Thursday, November 15, 2012

A retailer's guide to Black Friday

Patrick and I both work in retail. And that means that today is the day where my shoulders start getting tight and I drink lots on antacids as I prepare for Black Friday. In some ways, its kind of fun - its what you prep and plan for as a retailer. But in other ways, it can be really stressful because people get crazy! Here is my advice, as a retailer, to you, the shopper.

  1. Know that it is going to be crazy out there. Every year there are some people who seem so ANNOYED that there are long lines. And they are mad at us that we can't make the lines shorter. Guess what? We wish we could make the lines shorter too, but we have every cashier doing everything they can to get people through the line. So be prepared to wait (bring snack and make sure your phone is charged and loaded with games!)
  2. Don't get upset when something runs out. Stores have a limited number of door buster items and they sell out QUICKLY (one time a customer ripped a bag of one of our door buster items (about 50 of them) out of one of my associates hands and bought them all.) Usually within 10 or 15 minutes. So if you don't get what you want, move on. Don't get angry at the employees (again, who have no control over how many of that item that they got.) There are plenty of good deals to go around.
  3. If the crowds scare you remember: most stores offer their Black Friday Deals all weekend, or the day or two before. So don't feel like you have to be there at midnight. Sure, some of the door busters will be gone (see #3 above.) but likely a lot of the items you want will still be there. Go to bed at home, wake up at 3am and hit the stores then. Usually by 4 or 5 lines are MUCH shorter and you can walk in, get what you need and get out in a reasonable amount of time. Or go shopping Friday afternoon, or Saturday or Wednesday. Check your favorite stores websites to see what they are offering. Sometimes you can get the same prices early or online, or if you sign up for their mailing list, have a store credit card, etc. 
  4. Keep perspective: It's just shopping. Sure you might save $50 on a TV. Sure you can get all your holiday needs fulfilled in 1 frantic evening.

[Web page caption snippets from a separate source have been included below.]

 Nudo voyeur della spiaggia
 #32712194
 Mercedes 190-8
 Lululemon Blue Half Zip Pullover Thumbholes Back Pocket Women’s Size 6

But it's not worth pushing other people, yelling or loosing your humanity. Is that $19 food processor the cost of your humanity? I didn't think so. 
  5. DO NOT bring your kids. Every year I see people with toddlers and small kids in tow. Black Friday shopping is rated T for Teen. No one under the age of 15 should be with you. Smaller kids should be in bed sleeping, not waiting in a packed line and screaming at the top of their lungs.
  6. Finally: Be nice to the employees. Remember, that cashier ringing you up makes around minimum wage and probably left dinner with his family early to be at the store at 11:30pm so you could shop. So smile, tell them how great they are doing, thank them. Kindness goes along way. But wait, you say, it's not my fault! I am only being rude to the cashier because I am tired and cold and crowds give me hives! If this is your rationale: stay home. If you can't be cheery and nice while you shop, don't go out.
If you love the sport of it all, but all means have a great time and get a great deal. But if the idea of the whole thing panics you, just stay home and shop online. I've seen people have breakdowns because things get too nutty. But have fun. And be nice. And stay safe. And unofficially, if you come to my store (I'm there 11pm to 11am) bring me a cookie and a giant Diet Coke.